Confrontado com a polémica dos últimos quatro dias, Cravinho assegura que não faltou à verdade e promete esclarecer tudo. “Não gostei nada mesmo de ser acusado de mentir, muito menos de mentir na Assembleia da República”, afirmou o ministro, que descartou as acusações de ter mentido, feitas por André Ventura, do Chega, e de a sua verdade não coincidir com a verdade dos factos, como disse o PSD “Não há nenhuma mentira no que disse, e explicarei em pormenor no Parlamento”, garantiu aos jornalistas. O ministro foi chamado à Comissão de Defesa pelo PSD, que quer “esclarecimentos imediatos”, mas ainda não há data marcada para a audição.

João Gomes Cravinho assume agora que, “em março de 2020 se torna claro que o custo da obra vai ser superior ao custo inicial estimado”, admitindo que tinha essa informação à época. A estimativa e teto do Governo era de €750 mil, mas segundo o ofício da direção-geral de Recursos de Defesa Nacional (de 27 de março de 2020) revelado pelo Expresso, a obra precisava de um acréscimo de investimento da ordem dos €920 mil, passando os custos para 1,7 milhões, sem IVA. Mas a obra acabaria ascender a €3,2 milhões no final.

O contexto da pandemia em 2020 justificava, segundo o ministro, a necessidade de se realizarem as obras e preparar o ex-HMB para receber doentes ligeiros com Covid-19. “Penso que é preciso recuar a a março 2020: as pessoas estão recordadas do que era a realidade nacional e internacional, num momento em que as nossas sociedades tinham de se preparar para algo inesperado”, situou João Gomes Cravinho.
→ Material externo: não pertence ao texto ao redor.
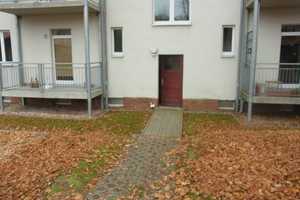 Westbalkon, Tageslichtbad in ruhiger Seitenstraße – Erich-Mühsam-Str. 23, 9112 Chemnitz – Vorschaubild 1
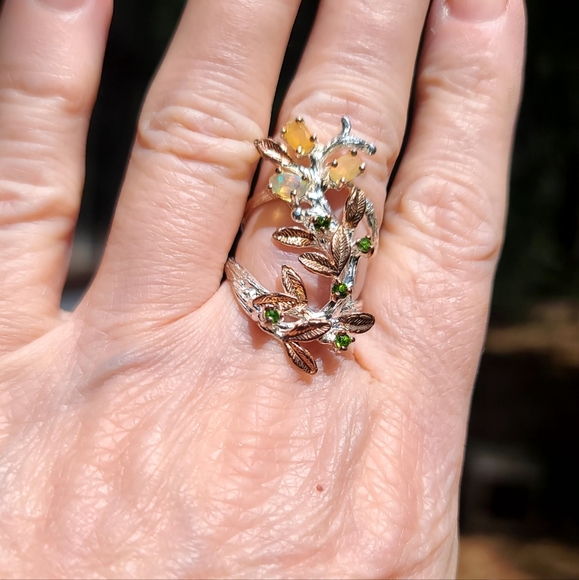 Opal and Chrome Diopside sterling floral wreath finger cuff sz 6.5 - Picture 3 of 10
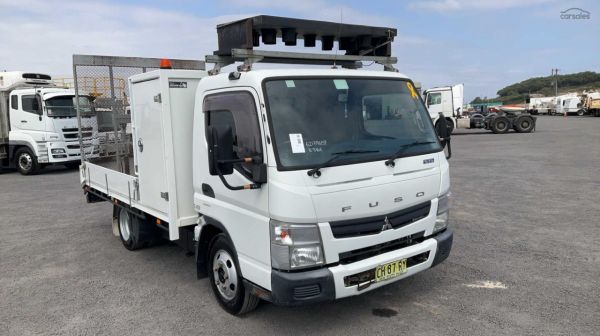 2015 Mitsubishi Canter 515 image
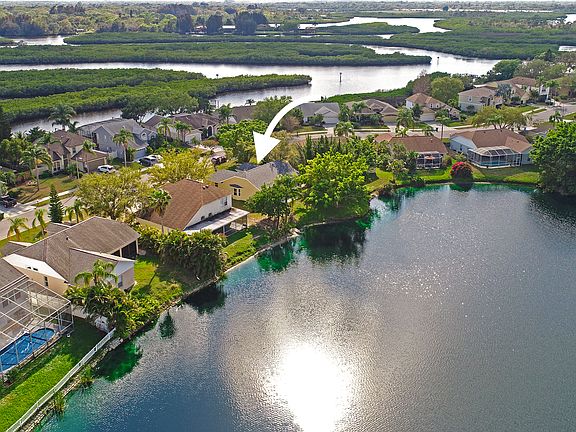 Braden River to the south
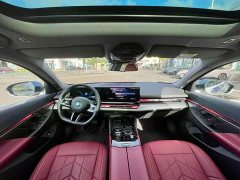 BMW i5 eDrive 35L M Sport Package - ფოტო 8
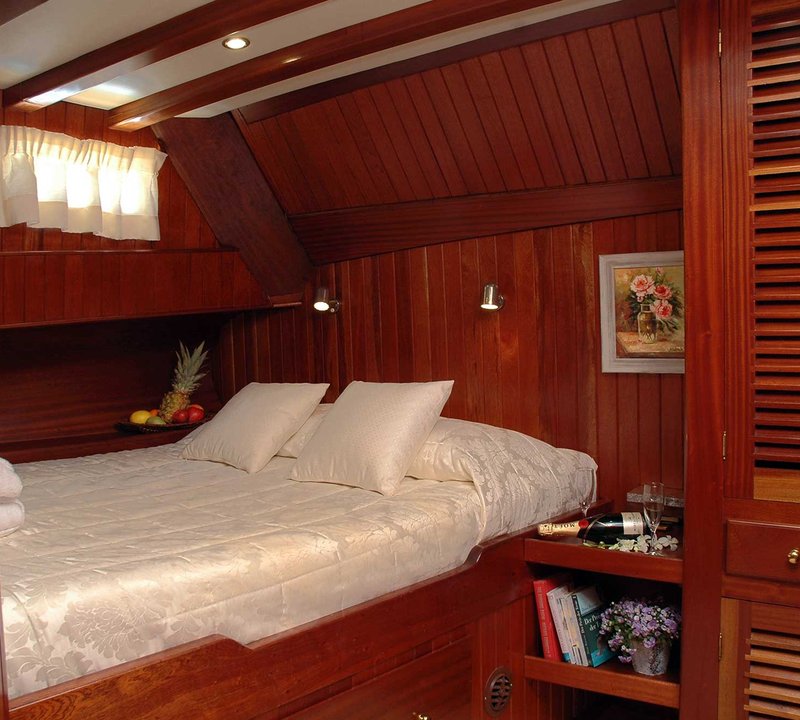 Double Cabin
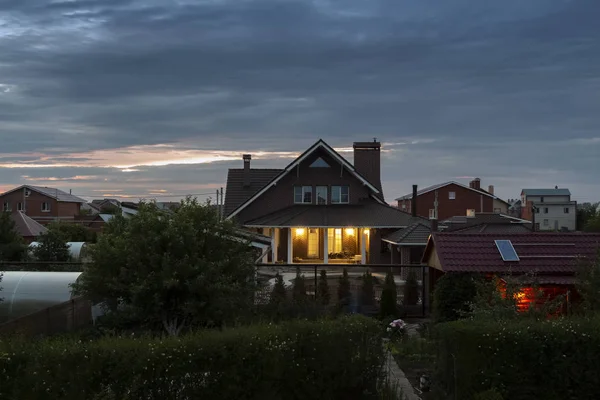 Rustige avond in het dorp — Stockfoto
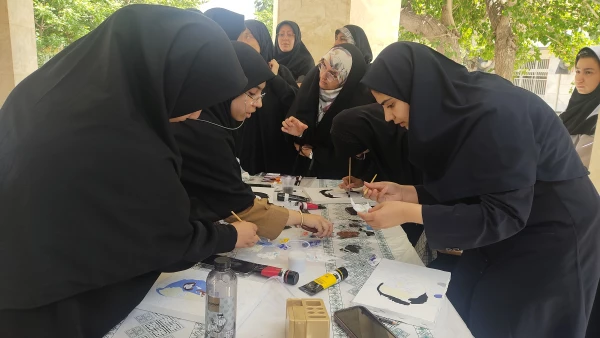 ورکشاپ نقاشی
        «سالگرد عروج شهدای خدمت » 6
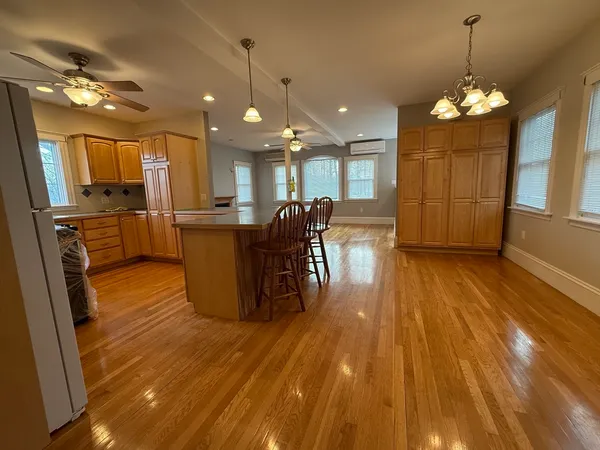 $3,300 | 89 Mill Street, Unit 1, Weymouth, MA 02188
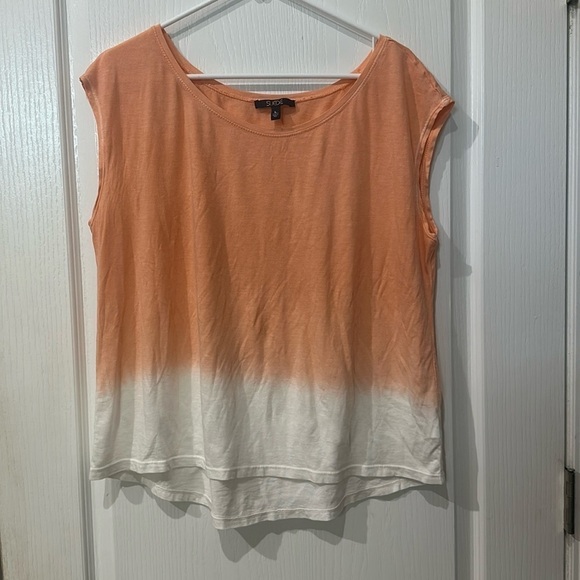 suede Tops - Suede size L orange, and off-white ombre  sleeveless top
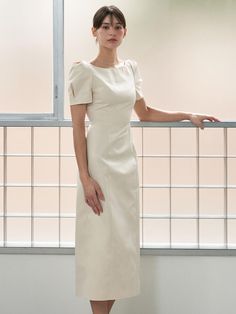 This product is a meticulously tailored Emma boat neck dress that offers a sophisticated and timeless look. The dress is designed with elegant short sleeves and a form-fitting silhouette that gracefully accentuates the natural curves. Perfect for formal occasions, this dress is a classic piece with a modern edge. - The dress features a boat neckline that elegantly highlights the collar area.- Its short sleeves are designed with a gentle puff, adding a touch of refined femininity.- The form-fitting silhouette of the dress is crafted to enhance and flatter the body's natural shape.- A discrete back zipper allows for a seamless look and easy wear. Dress With Necklace, Boatneck Dress, Model Clothes, Boat Neck Dress, Natural Curves, Boat Neckline, Everyday Dresses, Easy Wear, Boat Neck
Para o ministro, o fundamental naquela altura era erguer aquela capacidade para haver mais camas disponíveis: “Naquele momento era uma prioridade absoluta criar capacidade para receber doentes Covid, e o edifício precisava de ser preparado”.
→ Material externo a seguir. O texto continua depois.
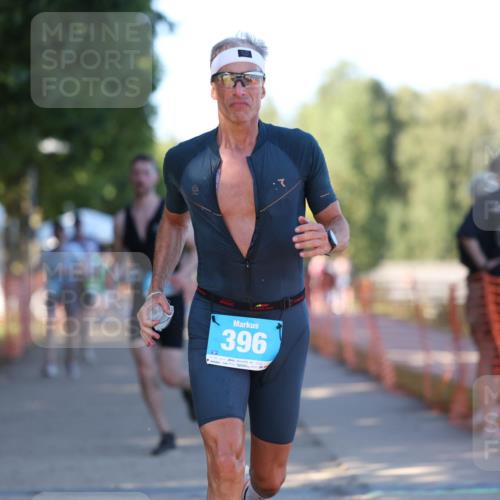 07.09.2025 - 19. Norderstedt Triathlon Michael Strokosch http://msf.ph/oto/8819688 07.09.2025 16:48:04 Laufen 396, 889, 903, 910, 947, 1074, 1618 meine-sportfotos.de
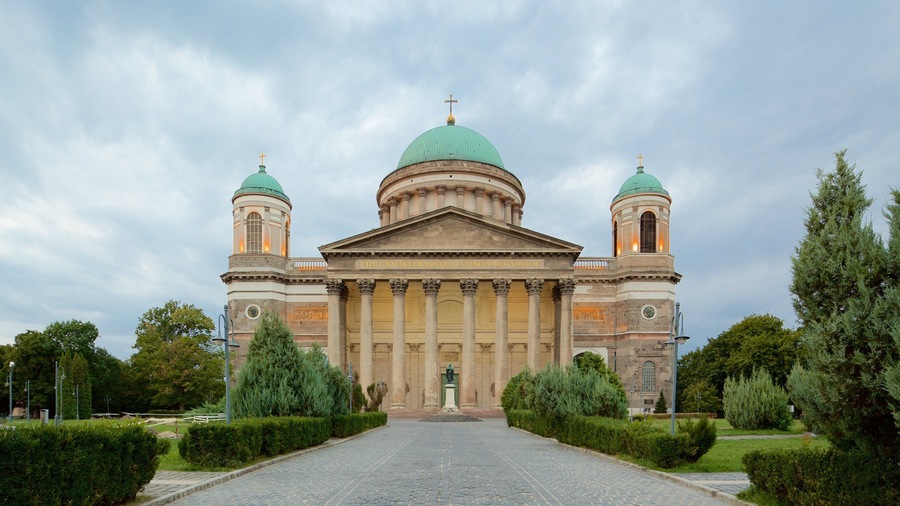 Esztergom which includes religious elements, a church or cathedral and heritage architecture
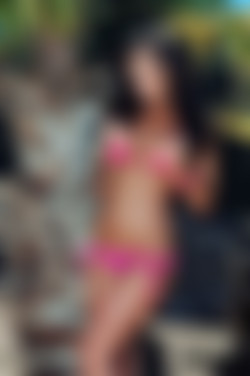 ThisIsGlamour.com_2016/Aimee Luis/Aime_Luis_Posing_in_her_Bikini/DS3_5149.jpg
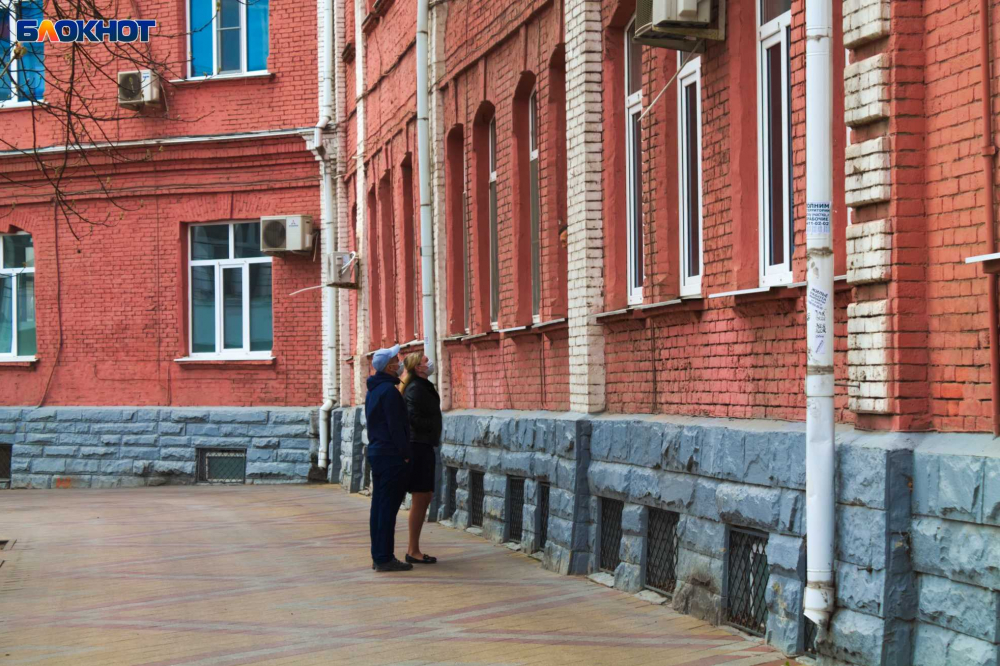 Члена группы по контролю за соблюдением карантина едва не оштрафовали в Краснодаре за отсутствие спецпропуска Члена группы по контролю за соблюдением карантина едва не оштрафовали в Краснодаре за отсутствие спецпропуска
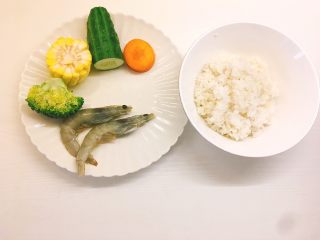 1、凤尾虾饭团,准备好所有食材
Questionado pelos jornalistas sobre porque não travou o aumento dos custos, Cravinho justificou que “se tivesse travado a despesa, esta não teria sido feita” e assim “não havia o hospital com certeza”, quando “naquele momento o objetivo era fazer o renovar o hospital”.

As respostas do ministro, no entanto, ao assumir a necessidade de renovar o ex-HMB mesmo com a derrapagem orçamental, são diferentes das justificações enviadas ao Expresso e publicadas na passada sexta-feira. Com o MNE no estrangeiro, o gabinete do ministro reencaminhou a mesma resposta que o ex-ministro da Defesa já tinha dado ao “Diário de Notícias” há dois anos sobre o mesmo tema e o mesmo ofício: "Todos os documentos relevantes respeitantes a este processo constam do processo de auditoria mandado instaurar pelo MDN, desenvolvido pela Inspeção-Geral da Defesa Nacional (IGDN) e entregue no Tribunal de Contas, na sequência do despacho do ministro da Defesa”. Sem negar a existência do documento, Cravinho sublinhou nessas respostas “que não foram autorizados nem tão-pouco propostos ao Governo trabalhos extra do Exército com um valor de €920 mil”
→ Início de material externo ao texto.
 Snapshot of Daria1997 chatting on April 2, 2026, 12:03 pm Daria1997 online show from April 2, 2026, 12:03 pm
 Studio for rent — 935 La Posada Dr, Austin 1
Na verdade, o ministro continua a distinguir o conhecimento dos sobrecustos da autorização formal para a direção-geral realizar a despesa: “O grande problema aqui é a falta de autorização para se incorrer em despesa, o que já levou a uma condenação do Tribunal de Contas”, justificou Cravinho em Bruxelas. Aliás, no Parlamento já tinha dito que “não” autorizou nem lhe foi solicitado “que autorizasse” a despesa. Mas também não a travou nem a questionou enquanto esta estava a ser feita. Só três meses depois da obra concluída (em junho de 2020), é que o então diretor-geral de Recursos de Defesa Nacional, Alberto Coelho - hoje arguido por corrupção e branqueamento na operação “Tempestade Perfeita” - começou a ser questionado sobre os procedimentos, adjudicações e autorizações de despesa.

O ministro garantiu que irá ao Parlamento “responder a todas as perguntas” dos deputados. Só o PSD, antes mesmo desta notícia, tinha 30 questões para o MNE e ex-titular da Defesa. “Teremos tempo para entrar em pormenor no que quiserem”, explicou. E disse que era preciso “criar condições para o hospital acolher doentes”, mas isso era “sempre algo que tinha de ser feito no quadro da lei”.

Sobre se esta polémica de alguma forma atrapalha a capacidade de estar no Governo, o ministro dos Negócios Estrangeiros respondeu: “Não, de forma alguma.”